Two presentations examined different ways for incorporating an anchor threshold of preference/importance (Johnson and Fuller, and Horne et al.) within MaxDiff. For example, this allows a respondent or segment of respondents who doesn’t like any of the items to have scores demonstrating that lack of preference (relative to the anchor). A few interesting points came out of these presentations. The indirect approach proposed by Louviere leads a significantly lower threshold than the direct approach: meaning that many more items will be deemed “important” or predicted to be “bought” compared to the direct approach. The direct approach as described by Lattery leads to what many researchers would consider to be more realistic assessment of a buying threshold. Both approaches seem to provide useful anchoring from a statistical standpoint, but the direct method actually contains more complete information and is easier for respondents. That said, the direct approach has drawbacks when the number of items gets large, as the grids involving direct ratings of items can induce lazy rating behavior, and also context bias. And, as a big drawback, when anchoring is used in MaxDiff, the 800-lb gorilla of anchor label interpretation and scale use bias (which we had avoided with standard MaxDiff) comes back into the room. Horne et al. showed that the absolute utility of the anchor varied quite a bit by country. So, with all the interest surrounding anchored MaxDiff, this is a particularly worrisome drawback.

MaxDiff with Large Lists of Items

Wirth and Wolfrath reviewed different approaches for conducting MaxDiff when the number of items gets especially large (such as 60 items or more). One approach is simply to create a sparse questionnaire, where each item appears just once per each respondent. HB estimation, even under these sparse conditions, led to MaxDiff scores for the sample that seemed to be of high quality. Even the individual-level hit rates of holdouts seemed relatively good, despite the quite sparse information at the individual level. The authors also examined what happens if not all the items are shown to each respondent, but each item is shown more times. This approach didn’t work quite as well as trying to include as many items as possible (though sparsely) within each respondent’s questionnaire. Certainly, if dealing with especially sparse data conditions (such as 100+ items), aggregate logit may be used (given substantial sample size), and it isn’t necessary for each respondent to be exposed to all the items.
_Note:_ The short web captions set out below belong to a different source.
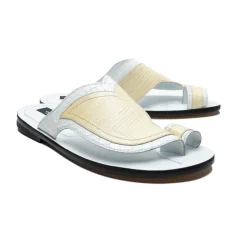 Corrente Exotic Printed Calfskin Sandal White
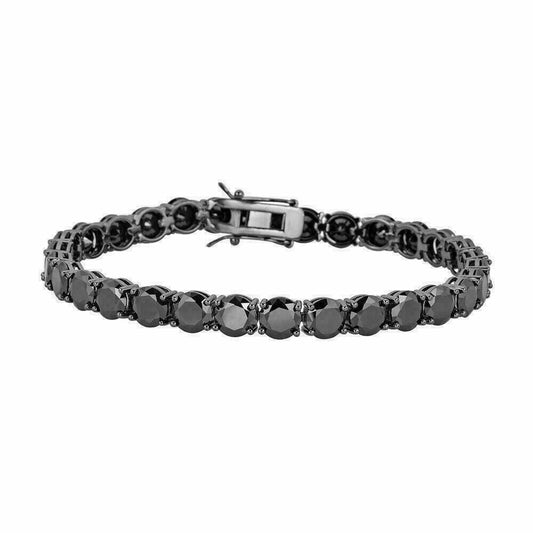 Mens Tennis Bracelet 925 Silver 7mm Man Made Black Diamond Tennis Bracelet 8.5inch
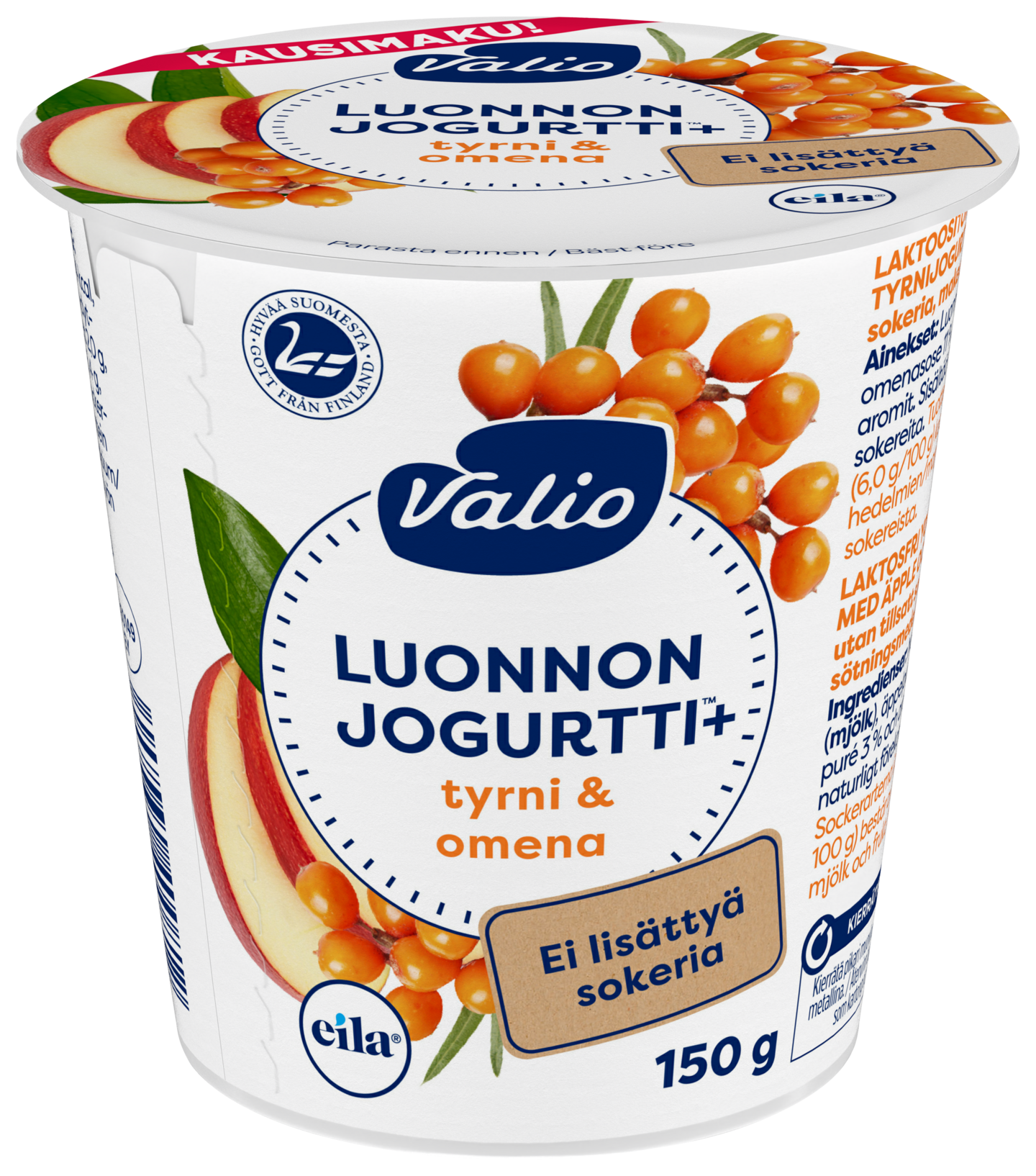 Valio Luonnonjogurtti+ 150g tyrni-omena ei lisättyä sokeria laktoositon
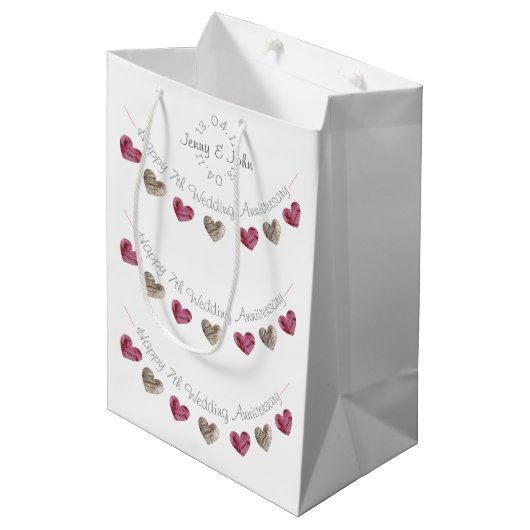 Wol hart 7th of een cadeautas voor bruiloft (Voorkant Gekanteld)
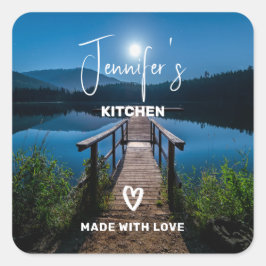 Pier bij nacht onder een Full Moon Kitchen Vierkante Sticker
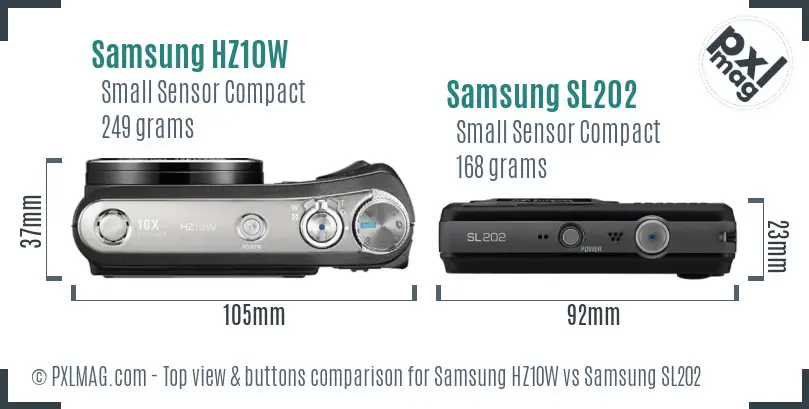 Samsung HZ10W vs Samsung SL202 top view buttons comparison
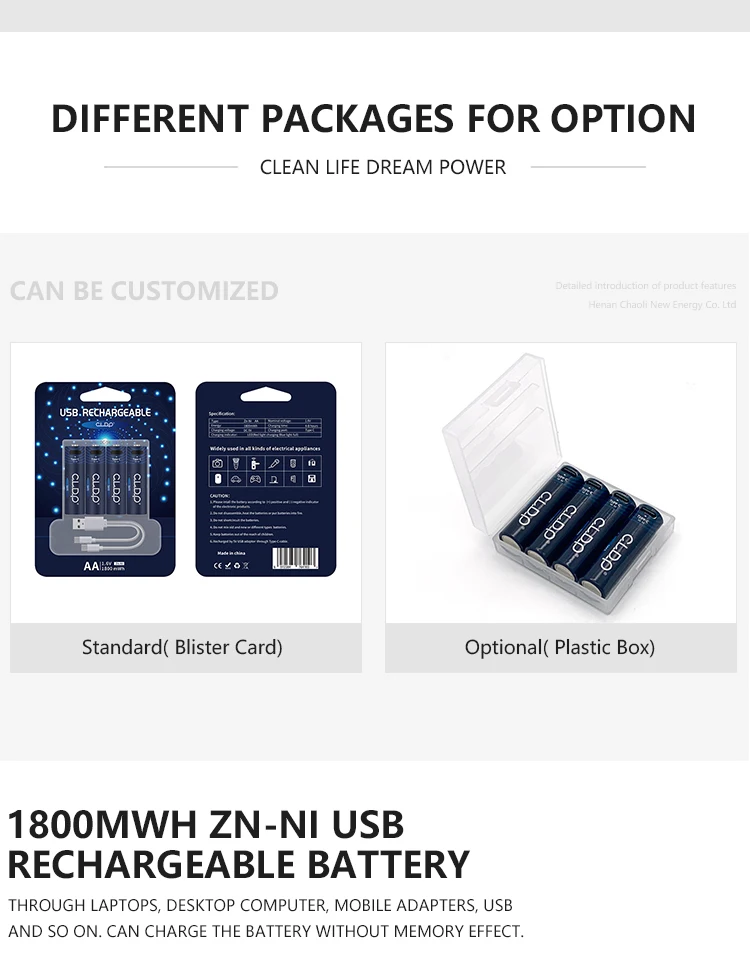 Cldp Factory Aa Size Nickel Zinc Battery Type C 1800mwh Rechargeable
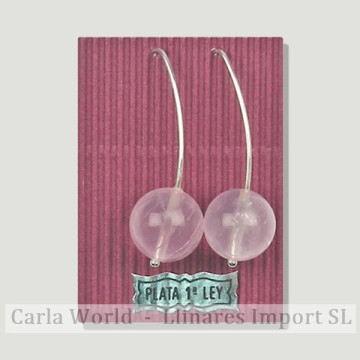 CUARZO ROSA. Pendiente plata gancho pez. Bola 14mm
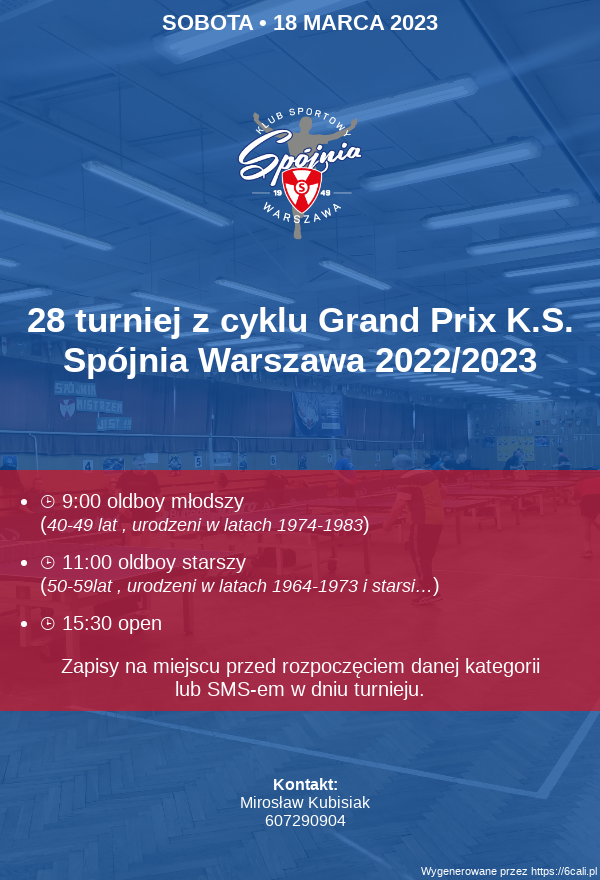 Plakat turnieju 28 turniej z cyklu Grand Prix K.S. Spójnia Warszawa 2022/2023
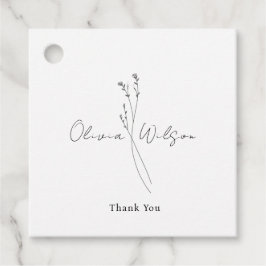 Weiße elegante minimalistische Botanik Geschenkanhänger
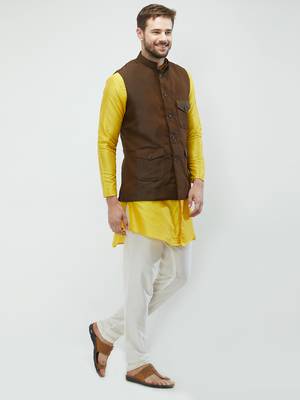 irin Poly Viscose Ethnic Set Of Dark Brown Koti (Waistcoat), Yellow and White Kurta Churidar For Men 3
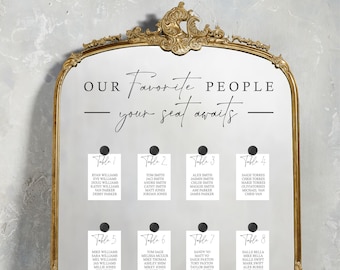 Our Favorite People your seat awaits - Wedding Seating Chart Header Decal for Mirror - Our Favorite People Welcome Sign - Wedding Welcome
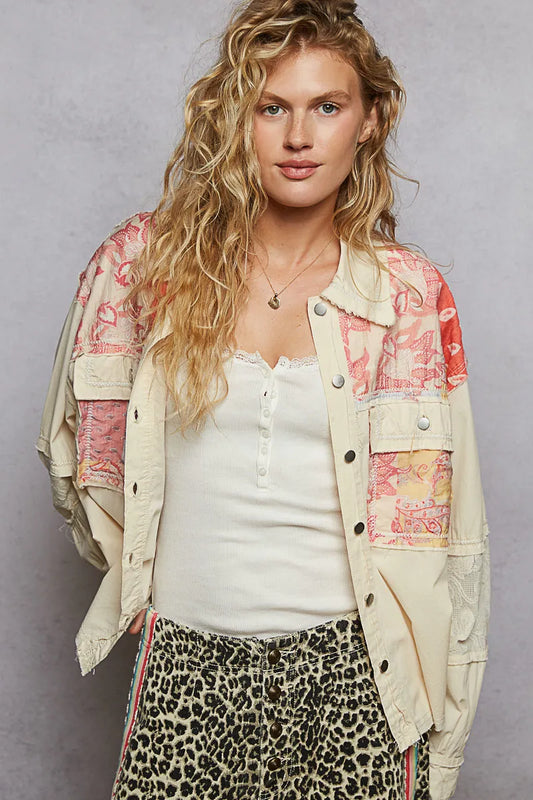 Textured Fabric Blend Jacket with Elegant Lace Trim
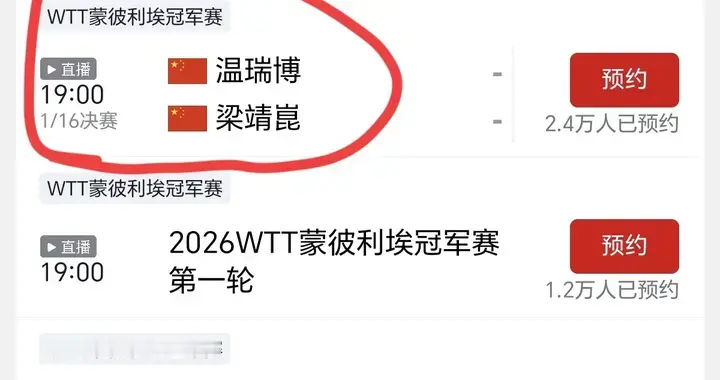 央视直播：WTT蒙彼利埃冠军赛10月29日赛程，梁靖崑对阵温瑞博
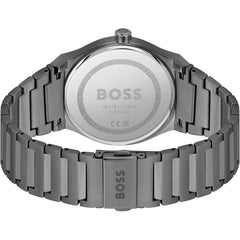 Hugo Boss Grau Edelstahl-Kleid-Uhr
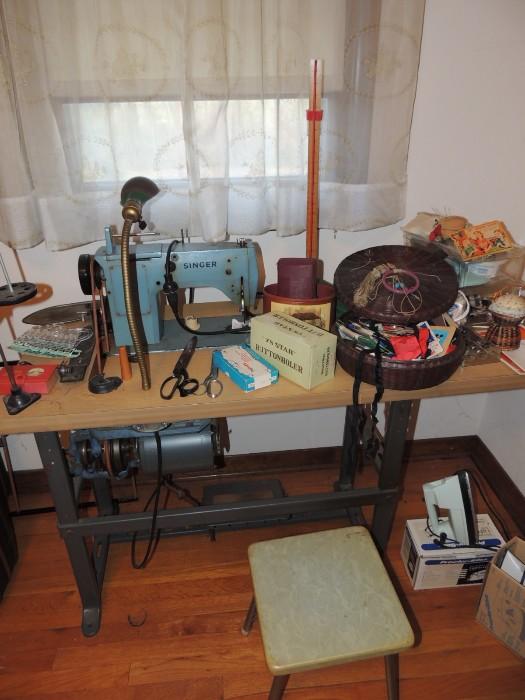 industrial sewing machine, table, thread winder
How Many Choice Tasks Are Needed?

This oft-studied topic was again discussed at the 2012 conference, by Tang and Grenville, and separately by Kurz and Binner. Tang and Grenville approached the topic from the perspective of how many tasks are needed if the researcher plans to use the CBC data to classify respondents into segments. They concluded that about 10 tasks is satisfactory in most situations. Kurz and Binner re-analyzed existing CBC data sets, to see if the last tasks that respondents completed were actually of any value to final predictions. For some respondents, their decision rules are so simple that about six tasks were all that were needed to nail their preferences. For other respondents, the final choice tasks had increased noise, and actually did nothing to improve predictions. They found that predictions of holdouts could actually be improved by throwing out the last tasks for many respondents (chosen according to rules defining whether the additional tasks seem to be providing value at the individual level). They speculated that if an interviewing system could detect that additional tasks were providing no value, then an adaptive algorithm could terminate the CBC portion of the interview early. This would not only save time (and data collection costs), but lead to a better respondent experience with CBC surveys.

Design of CBC Experiments

Three presentations were given that focused on design of experiments (Kuhfeld/Wurst, Reed Johnson, and Huber). Huber pointed out that traditional measures for assessing the quality of designs (e.g. D-efficiency) have assumed that respondents answer CBC questionnaires according to the logit rule, and that increased task complexity does not lead to greater response error. Under these assumptions, increasing the difficulty of the choice tasks (by increasing the number of alternatives per task, the number of attributes that vary within a task, the utility balance, and also the number of tasks) always increases the D-efficiency. But, these same actions lead to greater response error, and therefore (especially in the case of utility balance) often no better utility estimation in the end. Huber emphasized that task difficulty should be considered carefully when creating experimental designs. Many marketing-related CBC studies can be done quite easily with five or more alternatives per task, but in many healthcare related CBC studies it’s extremely difficult for respondents to consider anything beyond pairs. Reed Johnson’s presentation focused on a meta-analysis of dozens of health-care related CBC studies. Reed found that increasing the sample size had a much larger effect on reducing error (holdout task prediction) than modest increases in D-efficiency resulting from more money/time spent in the design generation.

Menu-Based Choice

A presentation by our colleagues at SKIM (Cordella et al.) found that an internal method they developed for analyzing MBC data led to extremely similar results as the approach taken in our MBC software. Both methods led to good predictions of holdout menu tasks, including the ability to predict combinatorial selections at the individual level.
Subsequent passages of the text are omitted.